Gambling at Rod and Gun Club with Donna Nelson |
7:48 |
A rainy, windy, cold (47 degrees) morning, though I just saw a lone fishing boat braving the wind and rain, amazing. I was up at 6:30, listened to Only A Game, and now it's time for Weekend Edition Saturday, with Scott Simon. It looks like a good day to stay inside, do some cooking, and read, which I am sure we will do. We are having the Mc Clures over for dinner, Evie's special lasagna, and perhaps we will watch a movie, depending upon our mood.
We went to the Lakewood Rod and Gun Club last night, with Sam and Donna Nelson, old friends of ours from Busti. They called to tell us if we met them, they would sponsor us for membership and we could join Friday night. We met them there, sat at the busy bar, filled out our forms, wrote a check for 90 bucks and we are now members of the club. I think we are going to like it much more than the Viking Club mostly because it seems busier, larger, more bar stools, dinner seating and it's on the way to Wegman's, making it more convenient. Obviously, Fridays are the busiest but there were literally people waiting to be seated from 6 to 8, that's how busy they were. The prices are quite good, a fish fry for 7.95 and they have specials every night, for example, on Sunday it's chicken and biscuits for 6.95. It seems like most of Lakewood was there, at least the upwardly mobile Caucasians from the area. I like the idea of a bar menu every night, a set menu for most nights, including burgers, steaks, and specials most nights as well. So, we will have to wait to see if we really use this membership much as we have not gone to the Viking Club much over the past year, perhaps four or five times. Like all these clubs, they sell a kind of numbers game, for a dollar, and if the numbers match you can win anywhere from 1 to 200 dollars. While we were there, Donna won 50 bucks twice, a 100 once but we are not sure how much money she spent to win it. When ever we have been with them, she seems to win. Evie spent five and won a dollar! Then, spent another 5 and won nothing. There's a moral there.

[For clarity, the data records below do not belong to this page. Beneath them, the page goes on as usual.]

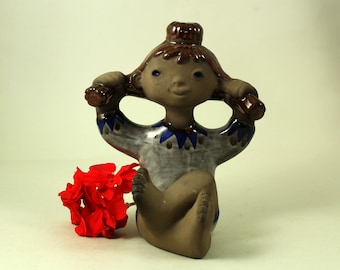 Vintage Dorothy Clough ""Linda"" Figur (7") | Upsala Ekeby Schweden, 1960s MCM."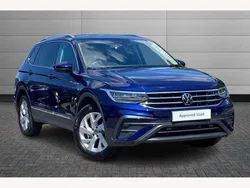 Blue Used 2024 VW Tiguan Allspace Life SUV | £29,595 (Good price)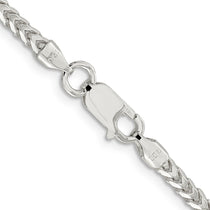 Sterling Silver 3mm D/C Square Franco Chain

It's now 4:45, the fire place is warming up the living room, the dinner's made, the house is clean, and Evie's exhausted, sort of, as she has been going at it since 8:00 and is just now taking a shower. That gal has energy! Now I am a different story, sorry to say, more of a sloth, a book worm though I did help out, doing the dishes and vacuuming, and taking the trash to the depot, and working out at the gym, shooting baskets for a half an hour or so. I am the cleaner upper after Evie cooks, the sous chef of the dish washing world. And I have been reading a new book, given to me by an elderly gentlemen at the CI library. I was browsing and he came up, handed a book to me, said I would enjoy it, it was the best book he's ever read. So I took it out and have started it, called THE KEEPER'S SON by Homer Hickam, the novelist who also wrote ROCKET BOYS, which was later made into a movie called October Skies. So far, so good, as it's set mostly during WW II on an island off the coast of North Carolina, thus the title, as we follow the Lighthouse Keepers son Josh Thurlow, who commands a Coast Guard vessel on the island.
moral = beware of upwardly mobile caucasians.